4. The method according to claim 3, characterized in that, The Gaussian-weighted variance is obtained by dividing the path delay variance of the measured PDP by a preset variance adjustment coefficient, wherein the path delay variance of the measured PDP is calculated based on the delay values ​​of all paths of the measured PDP.

5. The method according to claim 1, characterized in that, The process of selecting the next channel measurement point includes: For each candidate point that has not yet been measured, calculate the similarity metric distance between its simulated PDP and the simulated PDP of each measured point; Calculate the average of the similarity metric distances between the candidate point and all measured points; The candidate point with the largest average value is selected as the next channel measurement point.

6. The method according to claim 3, characterized in that, The step of Gaussian weighted merging of the normalized power of the simulated PDP on the path delay of the measured PDP includes: for each path of the measured PDP, taking its delay as the center, and summing the normalized power of all paths of the simulated PDP according to the difference between their respective delays and the center, as the merged power on that measurement path.

7. A ray-tracing material electromagnetic parameter correction device, used to implement the method described in any one of claims 1 to 6, characterized in that, include: The measurement point selection module is used to randomly select a set of candidate points in the communication environment and select measurement points according to the optimization strategy.
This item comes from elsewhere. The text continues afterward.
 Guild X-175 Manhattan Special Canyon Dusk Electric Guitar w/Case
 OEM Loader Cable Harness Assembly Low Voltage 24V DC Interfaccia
The channel measurement module is used to measure actual channel information at selected measurement points; The parameter correction module is used to correct the electromagnetic parameters of each material in the environmental model based on the actual channel information of the measured points. The simulation module is used to simulate the channel information of each candidate point by ray tracing based on the current material parameters; The optimized control module is used to iteratively control the selection of measurement points, channel measurement, parameter correction, and simulation process until the stopping condition is met.

8. The apparatus according to claim 7, characterized in that, The parameter correction module includes: The parameter search unit is used to search within the preset range of electromagnetic parameters of each material; The similarity calculation unit is used to calculate the similarity metric distance between the measured PDP and the simulated PDP; The parameter determination unit is used to select the material parameter combination with the smallest similarity metric distance as the correction result of the current iteration.

9. The apparatus according to claim 8, characterized in that, The similarity calculation unit is specifically used for: Normalize the PDP path power; Perform cross-path power combining; Calculate the KL divergence as a similarity measure.

10. An electronic device comprising a memory, a processor, and a computer program stored in the memory and executable on the processor, characterized in that, When the processor executes the computer program, it implements the steps of the method as described in any one of claims 1 to 6.

11. A non-transitory computer-readable storage medium having a computer program stored thereon, characterized in that, When the computer program is executed by a processor, it implements the steps of the method as described in any one of claims 1 to 6.